DESCRIPTION OF THE TASK: What is the number of lines in the data below that hold the word "PEUGEOT"? Give nothing beyond that number.

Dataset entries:

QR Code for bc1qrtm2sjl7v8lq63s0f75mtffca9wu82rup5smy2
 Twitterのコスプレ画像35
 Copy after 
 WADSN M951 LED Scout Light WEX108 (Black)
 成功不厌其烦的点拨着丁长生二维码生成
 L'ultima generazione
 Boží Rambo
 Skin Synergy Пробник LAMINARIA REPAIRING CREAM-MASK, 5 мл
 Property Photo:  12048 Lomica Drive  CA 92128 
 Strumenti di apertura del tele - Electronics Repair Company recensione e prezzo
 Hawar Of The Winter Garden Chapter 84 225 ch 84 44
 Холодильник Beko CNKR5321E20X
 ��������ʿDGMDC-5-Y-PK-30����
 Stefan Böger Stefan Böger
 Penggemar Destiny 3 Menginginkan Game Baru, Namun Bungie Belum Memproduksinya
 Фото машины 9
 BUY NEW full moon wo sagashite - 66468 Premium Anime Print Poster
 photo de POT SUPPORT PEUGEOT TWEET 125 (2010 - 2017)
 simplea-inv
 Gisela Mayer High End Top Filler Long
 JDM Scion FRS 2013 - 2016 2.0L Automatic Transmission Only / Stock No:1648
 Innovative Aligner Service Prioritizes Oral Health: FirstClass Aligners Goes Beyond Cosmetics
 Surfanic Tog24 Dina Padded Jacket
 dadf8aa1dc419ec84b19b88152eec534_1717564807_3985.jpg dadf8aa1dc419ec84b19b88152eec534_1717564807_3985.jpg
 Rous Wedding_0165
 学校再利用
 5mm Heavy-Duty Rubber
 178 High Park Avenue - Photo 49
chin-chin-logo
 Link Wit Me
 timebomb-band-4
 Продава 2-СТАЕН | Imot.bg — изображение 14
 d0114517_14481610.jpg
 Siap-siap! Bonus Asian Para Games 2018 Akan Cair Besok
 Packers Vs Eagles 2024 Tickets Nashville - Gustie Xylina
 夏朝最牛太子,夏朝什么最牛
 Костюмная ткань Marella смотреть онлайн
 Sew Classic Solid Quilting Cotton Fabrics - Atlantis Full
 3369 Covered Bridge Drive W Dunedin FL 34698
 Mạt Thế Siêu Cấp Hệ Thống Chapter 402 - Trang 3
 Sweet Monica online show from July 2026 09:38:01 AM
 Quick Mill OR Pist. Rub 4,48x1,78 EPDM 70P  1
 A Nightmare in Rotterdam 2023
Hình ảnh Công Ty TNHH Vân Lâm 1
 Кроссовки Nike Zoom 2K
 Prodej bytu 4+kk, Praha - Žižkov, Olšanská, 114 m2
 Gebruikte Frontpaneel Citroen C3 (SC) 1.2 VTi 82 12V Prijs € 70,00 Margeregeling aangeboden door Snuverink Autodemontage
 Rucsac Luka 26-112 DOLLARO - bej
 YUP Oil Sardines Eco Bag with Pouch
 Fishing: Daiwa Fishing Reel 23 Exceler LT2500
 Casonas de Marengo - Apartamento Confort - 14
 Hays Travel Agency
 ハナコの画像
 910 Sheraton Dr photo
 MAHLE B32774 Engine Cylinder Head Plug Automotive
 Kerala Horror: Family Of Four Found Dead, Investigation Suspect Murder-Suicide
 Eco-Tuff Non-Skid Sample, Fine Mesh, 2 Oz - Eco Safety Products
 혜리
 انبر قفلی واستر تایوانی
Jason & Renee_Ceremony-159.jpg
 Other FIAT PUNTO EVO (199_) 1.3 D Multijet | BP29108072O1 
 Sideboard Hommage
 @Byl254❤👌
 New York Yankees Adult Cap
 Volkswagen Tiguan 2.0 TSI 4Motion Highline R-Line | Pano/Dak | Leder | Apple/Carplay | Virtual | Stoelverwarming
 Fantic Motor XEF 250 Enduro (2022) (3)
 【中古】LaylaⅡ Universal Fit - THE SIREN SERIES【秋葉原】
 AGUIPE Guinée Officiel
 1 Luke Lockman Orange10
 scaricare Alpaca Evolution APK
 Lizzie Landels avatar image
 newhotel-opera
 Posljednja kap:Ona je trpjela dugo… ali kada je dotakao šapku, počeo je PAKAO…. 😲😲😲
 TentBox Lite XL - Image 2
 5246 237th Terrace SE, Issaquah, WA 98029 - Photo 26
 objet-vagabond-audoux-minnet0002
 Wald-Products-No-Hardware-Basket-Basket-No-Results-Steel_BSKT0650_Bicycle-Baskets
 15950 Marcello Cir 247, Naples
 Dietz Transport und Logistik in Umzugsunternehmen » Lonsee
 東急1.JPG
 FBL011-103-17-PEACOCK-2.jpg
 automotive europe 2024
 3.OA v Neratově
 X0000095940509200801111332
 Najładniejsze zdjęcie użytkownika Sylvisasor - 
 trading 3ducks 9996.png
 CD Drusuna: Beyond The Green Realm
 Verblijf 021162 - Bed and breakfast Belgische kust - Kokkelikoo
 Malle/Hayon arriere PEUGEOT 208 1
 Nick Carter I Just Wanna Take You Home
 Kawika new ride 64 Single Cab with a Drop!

PROBLEM SOLUTION: 2